Data Flow
Here's the general approach I'd take to solving your problem.
I started with your source data and added some other conditions - a NULL as well as a 14 and 15 year to ensure my logic later is correct.
SELECT
D.DrvDOB
FROM
(
VALUES
('470324')
, ('470324')
, ('470209')
, ('140209')
, ('150209')
, ('101')
, ('0')
, (NULL)
) D(DrvDOB);
This is going to seem like a lot of work, but for me, this is the most maintainable approach. If something's wrong, I can simply inspect between the derived columns and find the failing bit of logic. Many people mistakenly believe the amount of components on a data flow decrease the processing time. The reverse case can actually be true, see the sqlblog post at the end for more details.

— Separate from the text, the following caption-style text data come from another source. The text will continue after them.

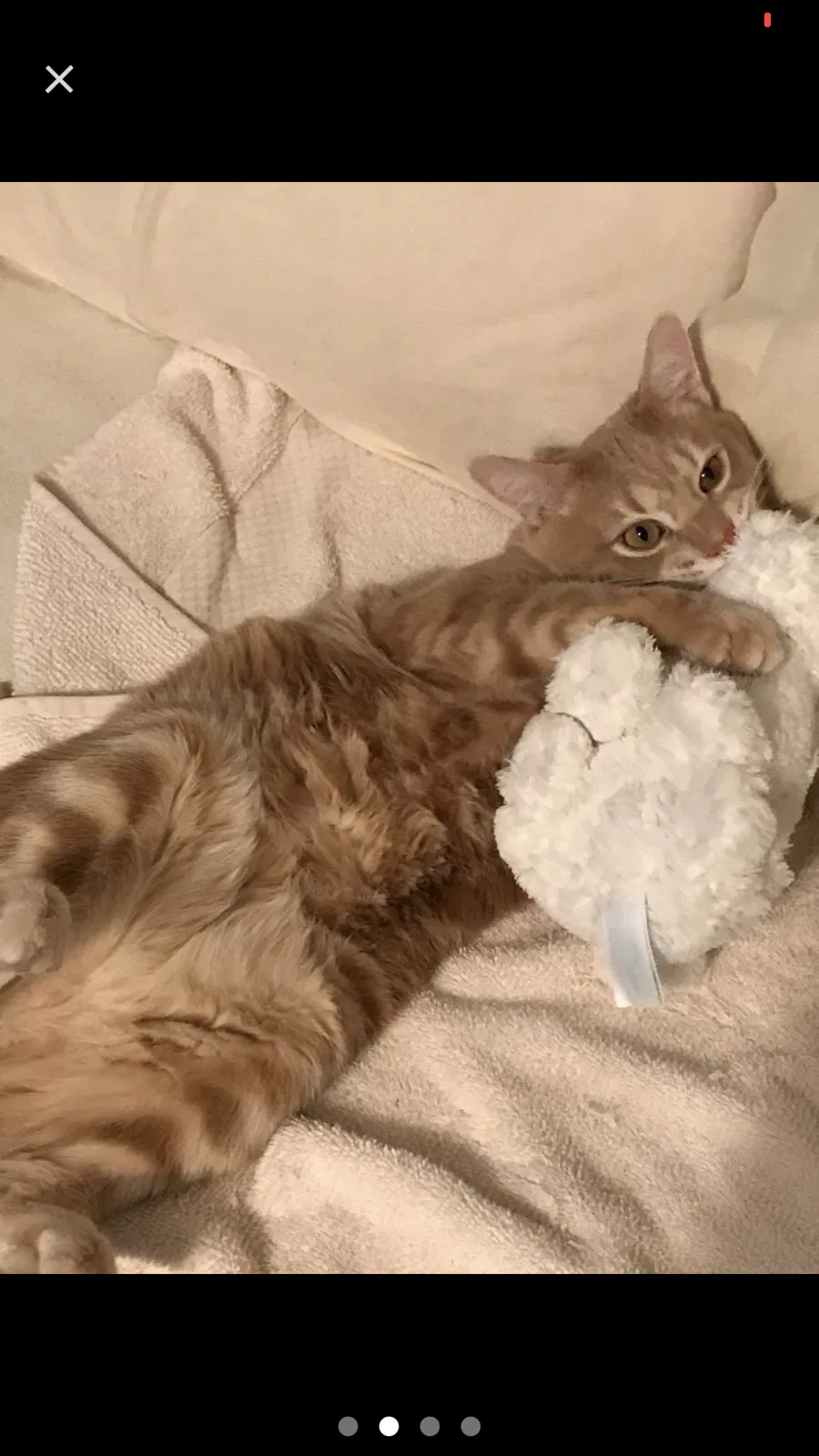 Lost cat in Costa Mesa, CA, 92627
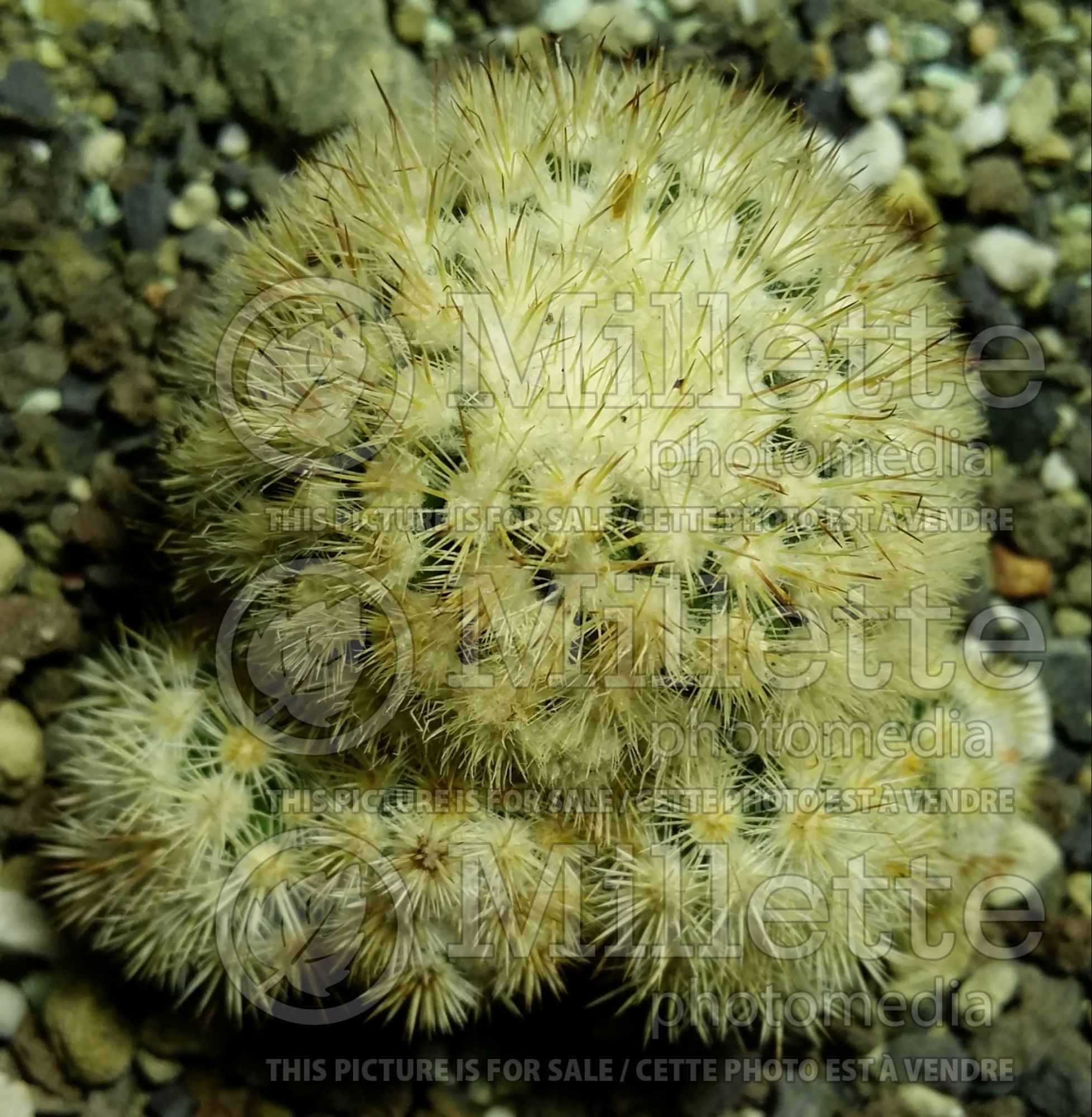 Mammillaria Oruga Blanca (Arizona fishhook cactusa) 1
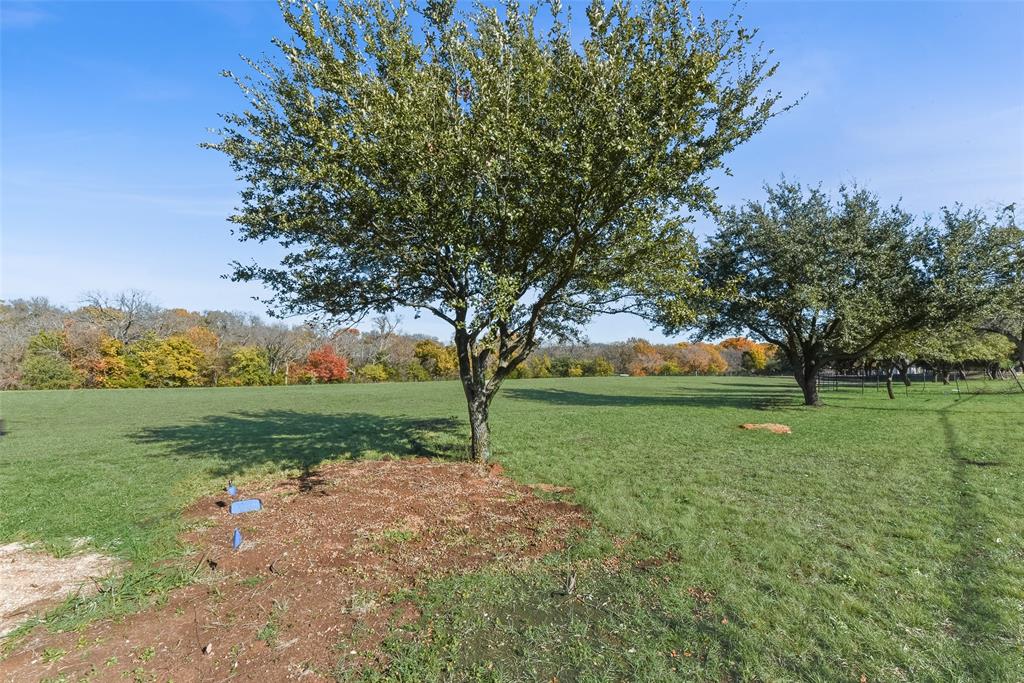 617 Cold Springs Road Van Alstyne, TX 75495 - Photo 18 of 20 a view of a garden with trees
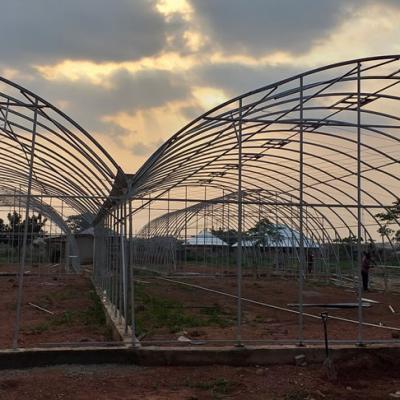 Jasey Farms Sunyani 29c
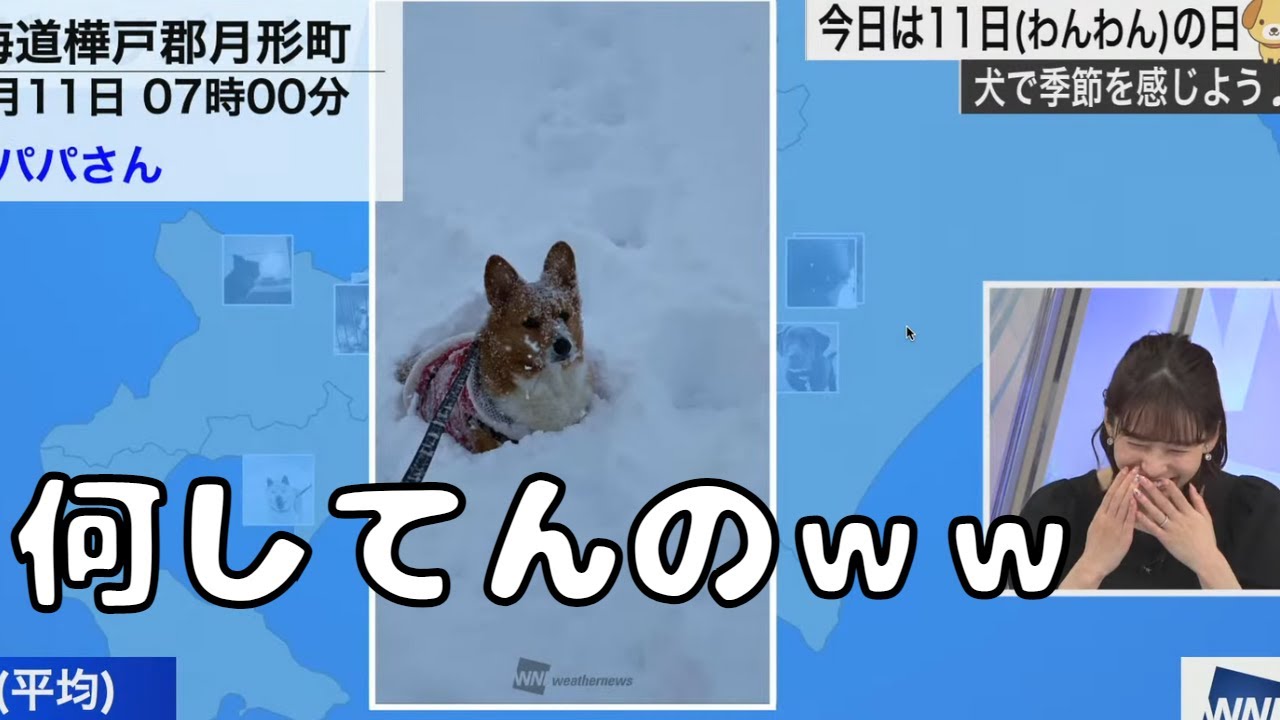 ワンちゃんリポート　【ウェザーニュース切り抜き/高山奈々】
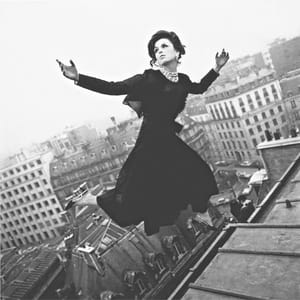 Artwork Title: Dior Wings, Paris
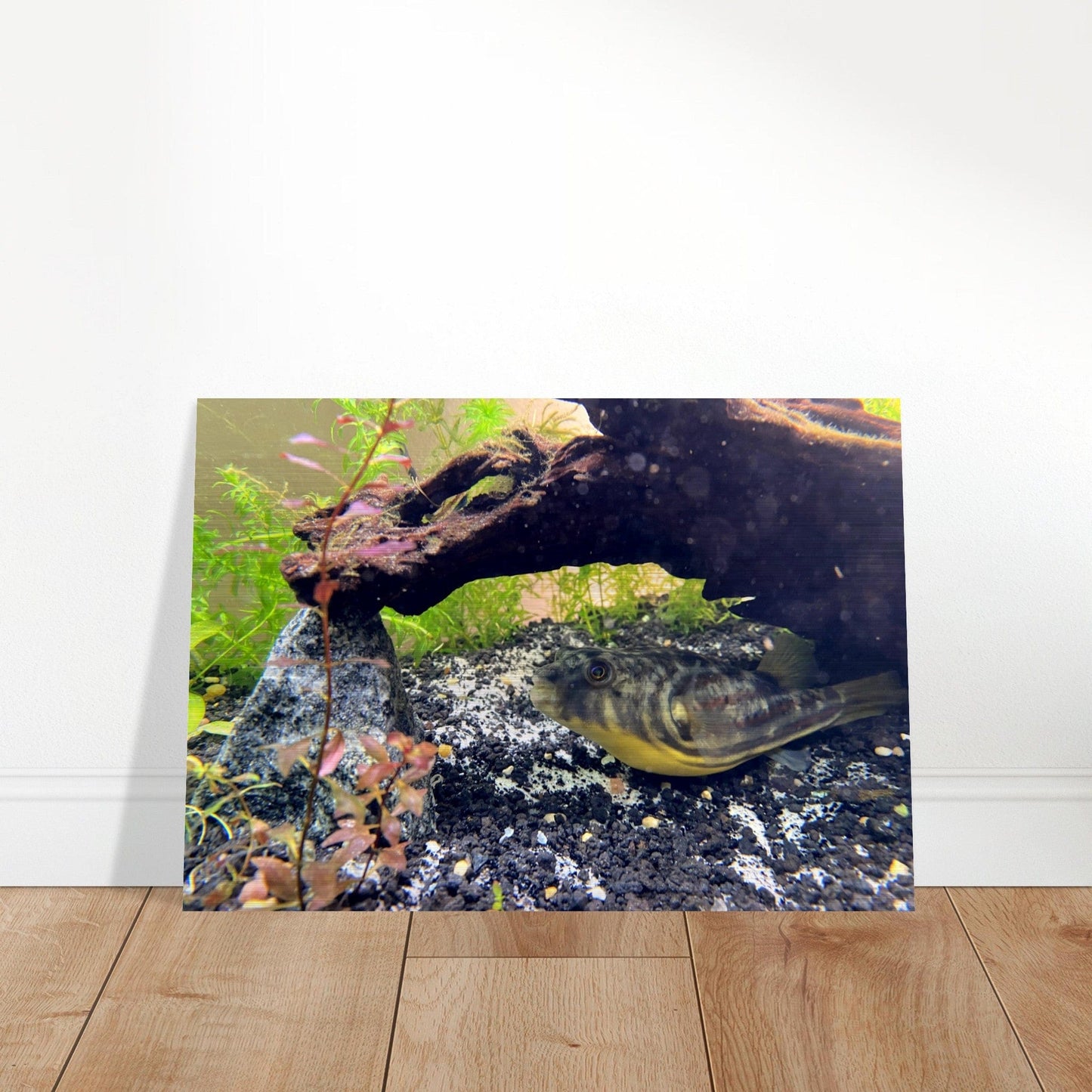 Fugukun Brushed Aluminum Print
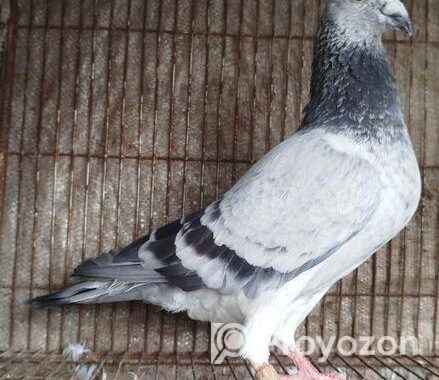 Afsan Grizel আফসান গ্রিজেল রেসার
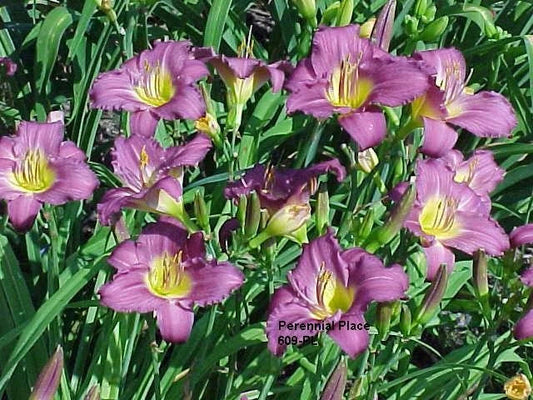 Daylily Plant Clump - 3 Bright Purple LITTLE GRAPETTE REBLOOMS - Hemerocallis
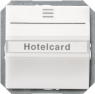 Hotel Cardschalter, titanweiß, IP20, 5TG4820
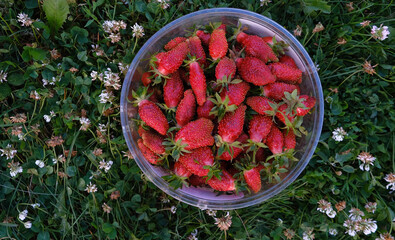strawberries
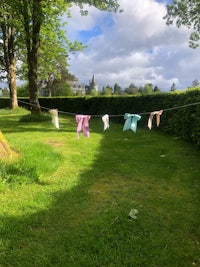 clothes drying on a line in a grassy area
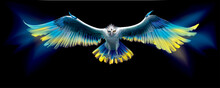Symbolic Eagle In The Colors Of Ukraine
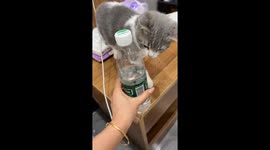 Cat struggles to open water bottle in Gansu, China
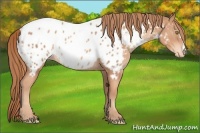 Horse Color:Gold Champagne Appaloosa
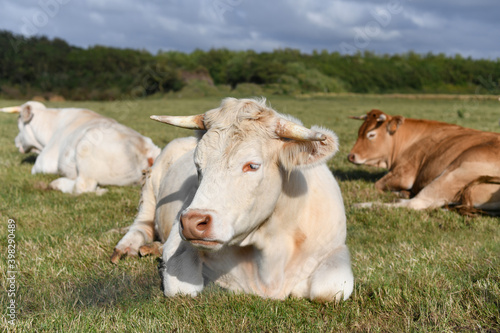 Alpine beige cow resting on the grass © o1559kip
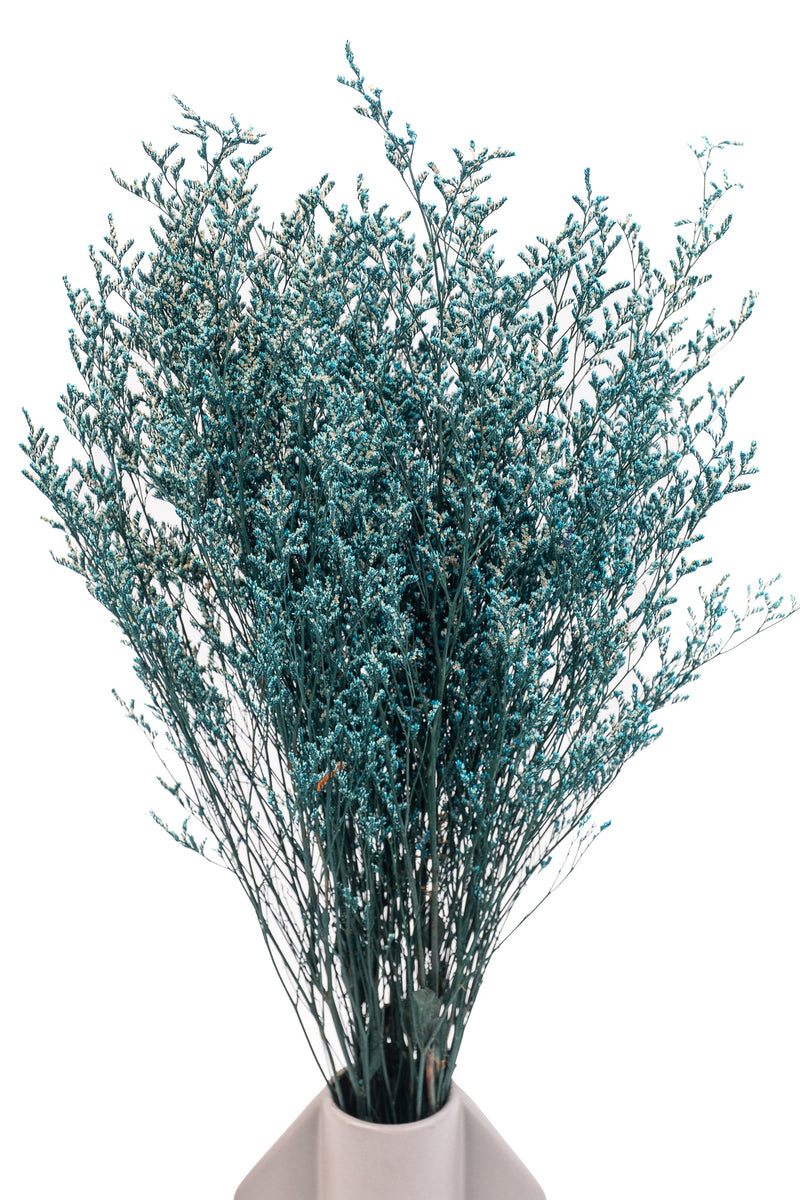 Teal Blue Lattifolia (Limonium)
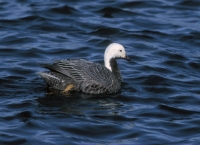 Emperor Goose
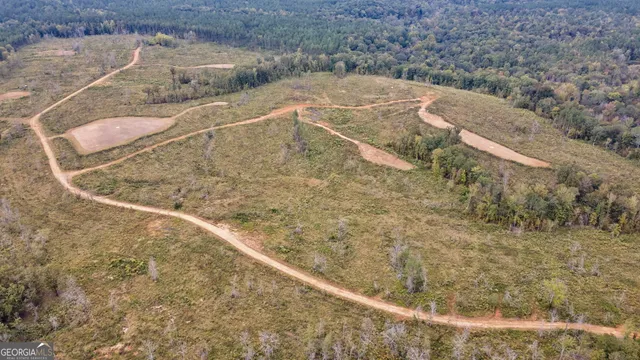 $250,000 | 0 New Hope Vesta Road, Carlton, GA 30627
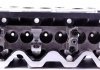 Головка блока цилиндров VW Crafter 2.5TDI 06-13 AMC 908713 (фото 9)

Create a column called IsValidLength
This is going to provide us a boolean to tell us whether we even need to try and parse the year, month and day from the string. I'm ensuring we don't have a NULL value and that the length is 6. Otherwise, we're going to flag as invalid
!IsNull([DrvDOB]) && LEN([DrvDOB]) == 6
I then am going to generate 3 more string columns (der_Year, der_Month, der_Day) with the parsed year, month and day. Otherwise, I'm going to use 00 as my value. Again, I only attempt to parse the string if it's valid.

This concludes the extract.